◆ **What to work on**:
Although the records include pictures, print only the rest, exactly as written.

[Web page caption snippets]

= Beginning of Section =

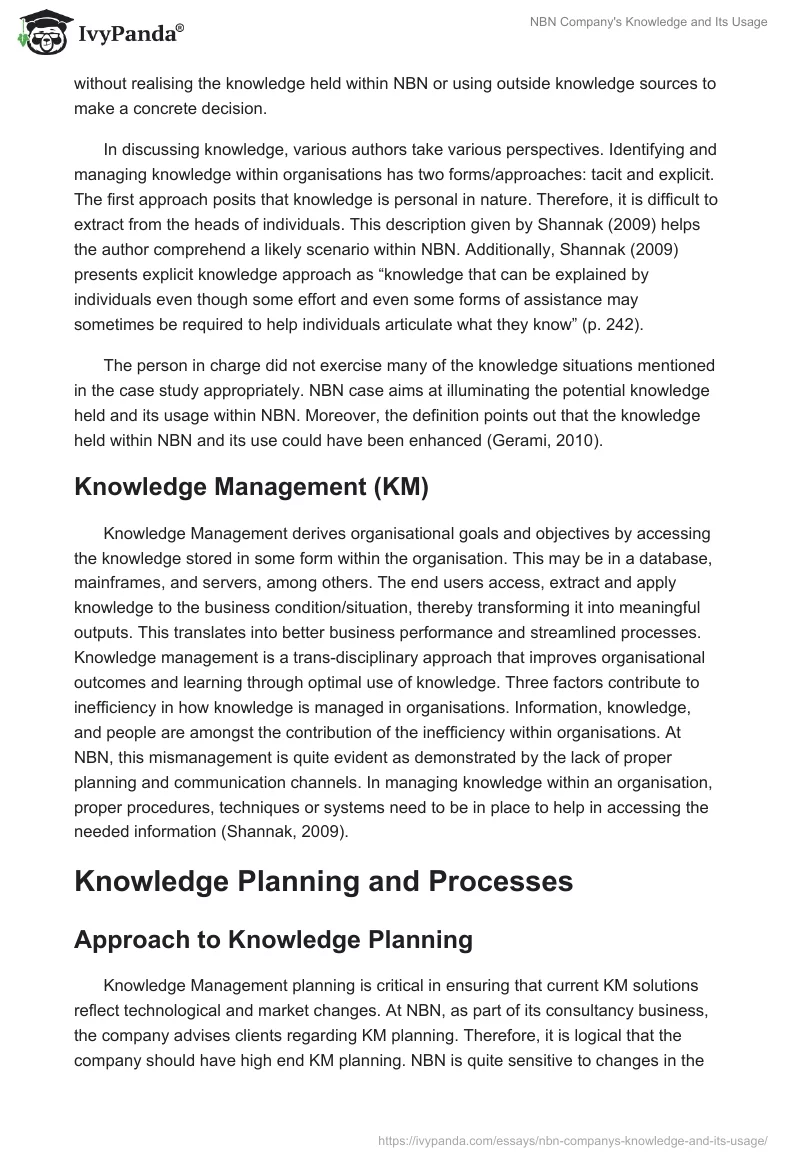 NBN Company's Knowledge and Its Usage. Page 2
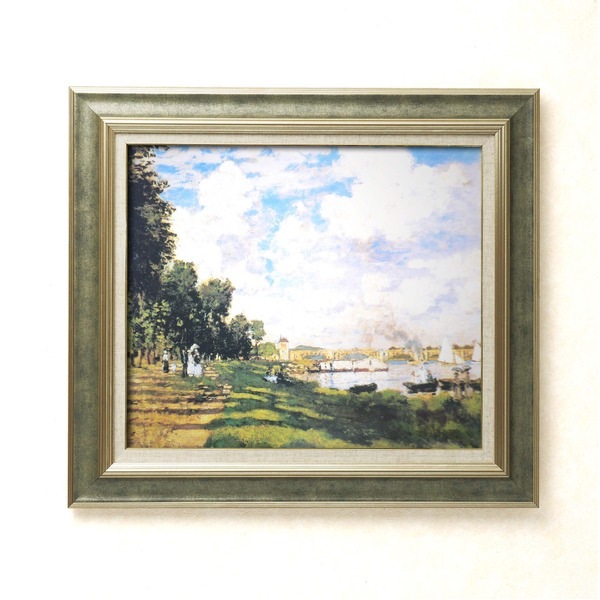 名画額縁 フレームセット F10号 モネ 「アルジャントーユの停泊所」 690×615×38mm 壁掛けひも付き ストーングレーフレーム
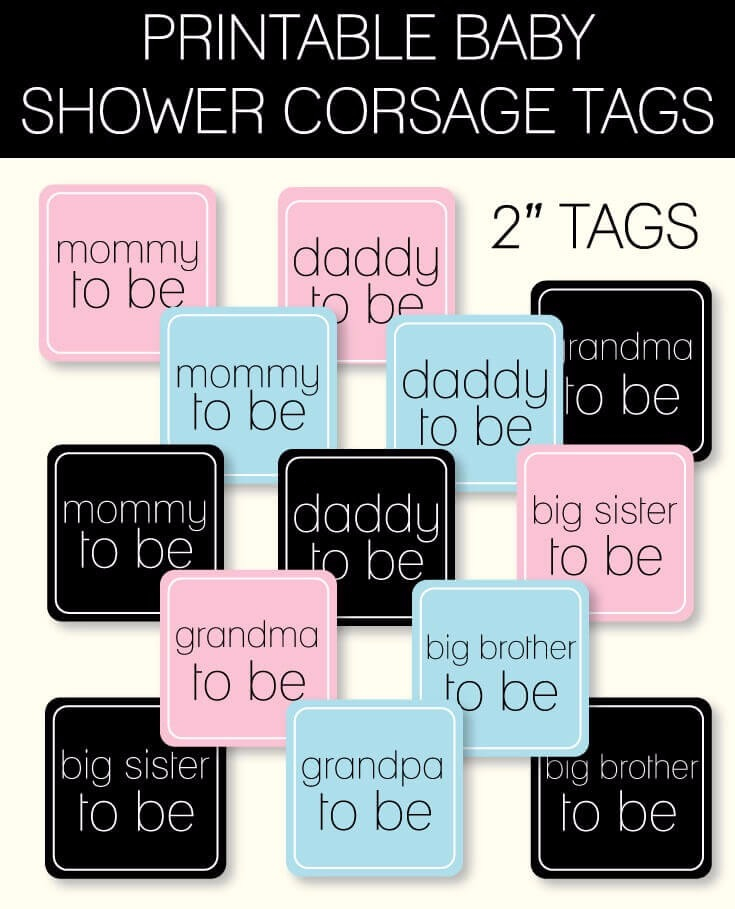 Printable Baby Shower Corsage Tags PrintItBaby Print It Baby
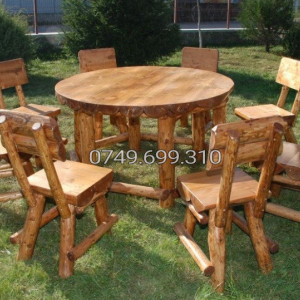 Set masa lemn masiv cu 8 scaune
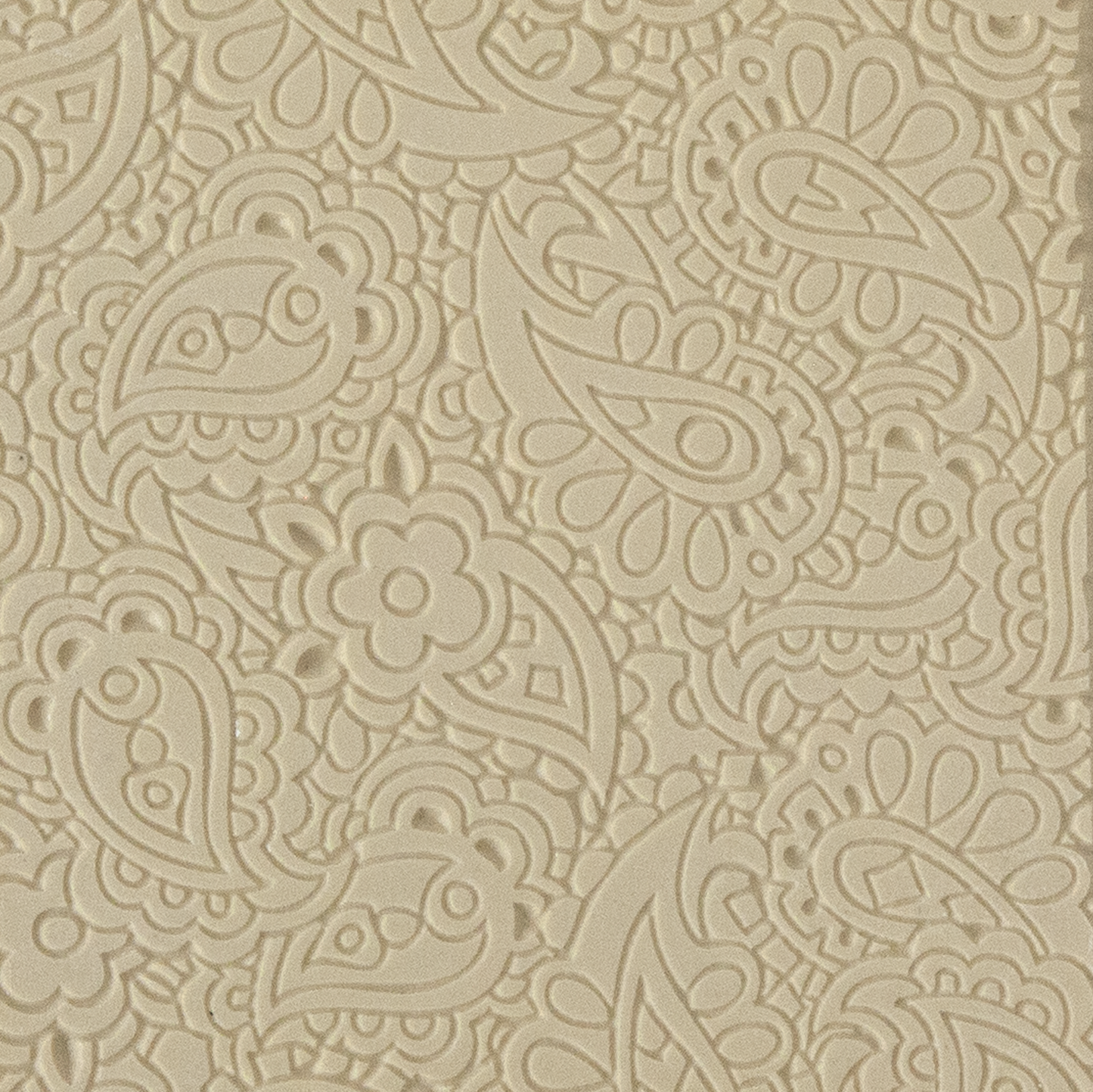 Texture Tile - Paisley Fineline. Beige Texture Tiles are flexible, washable and can be used with any soft clay. Spritz with CoolSlip or dust on Dry Powder Release for stick-free impressions when using metal clay and polymer clay.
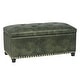 preview thumbnail 24 of 53, Adeco 35" Storage Ottoman Tufted Faux-Leather Lifted Top Bench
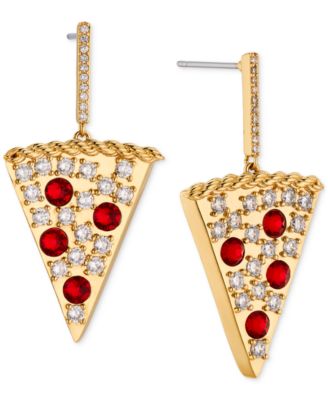 AJOA - 18k Gold-Plated Pav&eacute; & Color Crystal Pizza Slice Drop Earrings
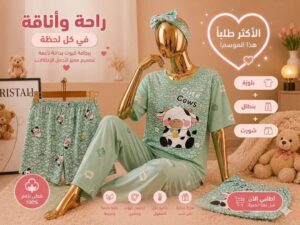بجامة ٣ قطع  بقماش سوزيت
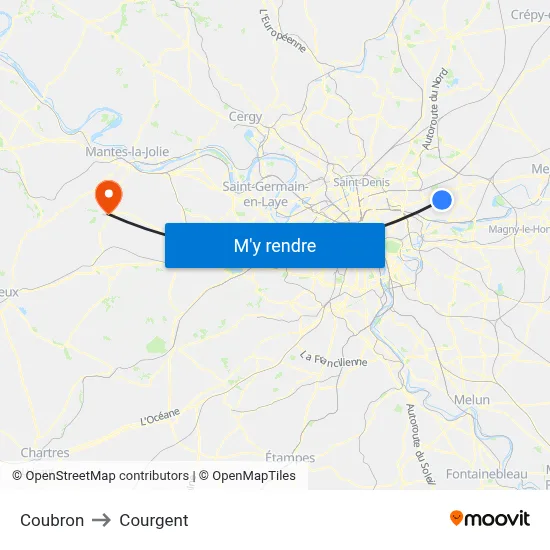 Coubron to Courgent map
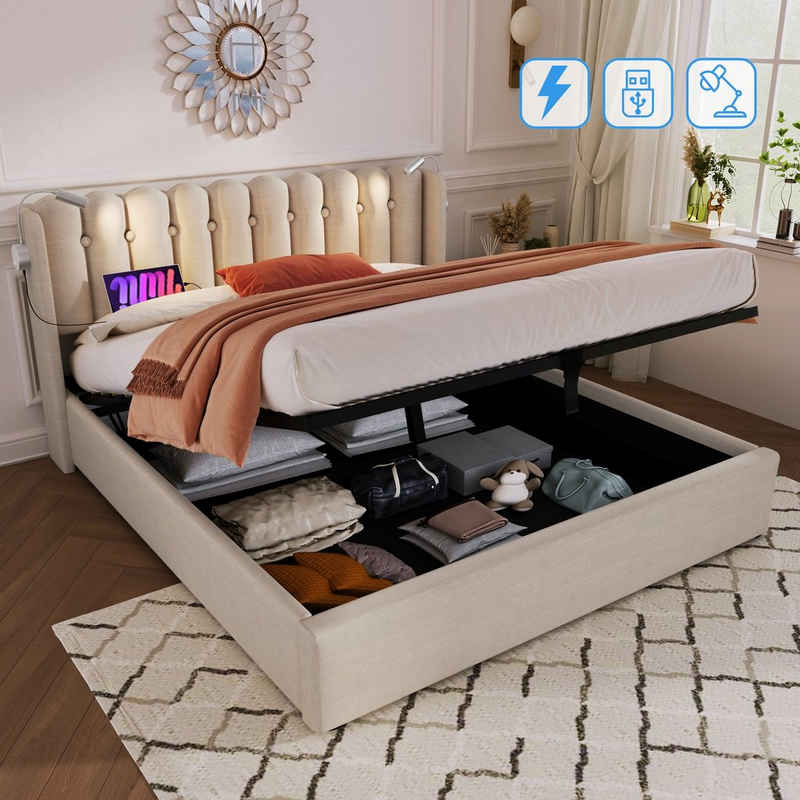 BlingBin Einzelbett Polsterbett (1-tlg., Ladefunktion und Bettkasten, mit Leselicht 140 ×200CM), 2 USB-Ladeanschlüsse, mit lattenrost, Ohne Matratze, Leinen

= End of Section =

◆ **Task output**:
 NBN Company's Knowledge and Its Usage. Page 2
 名画額縁 フレームセット F10号 モネ 「アルジャントーユの停泊所」 690×615×38mm 壁掛けひも付き ストーングレーフレーム
 Printable Baby Shower Corsage Tags PrintItBaby Print It Baby
 Set masa lemn masiv cu 8 scaune
 Texture Tile - Paisley Fineline. Beige Texture Tiles are flexible, washable and can be used with any soft clay. Spritz with CoolSlip or dust on Dry Powder Release for stick-free impressions when using metal clay and polymer clay.
 preview thumbnail 24 of 53, Adeco 35" Storage Ottoman Tufted Faux-Leather Lifted Top Bench
 AJOA - 18k Gold-Plated Pav&eacute; & Color Crystal Pizza Slice Drop Earrings
بجامة ٣ قطع  بقماش سوزيت
 Coubron to Courgent map
 BlingBin Einzelbett Polsterbett (1-tlg., Ladefunktion und Bettkasten, mit Leselicht 140 ×200CM), 2 USB-Ladeanschlüsse, mit lattenrost, Ohne Matratze, Leinen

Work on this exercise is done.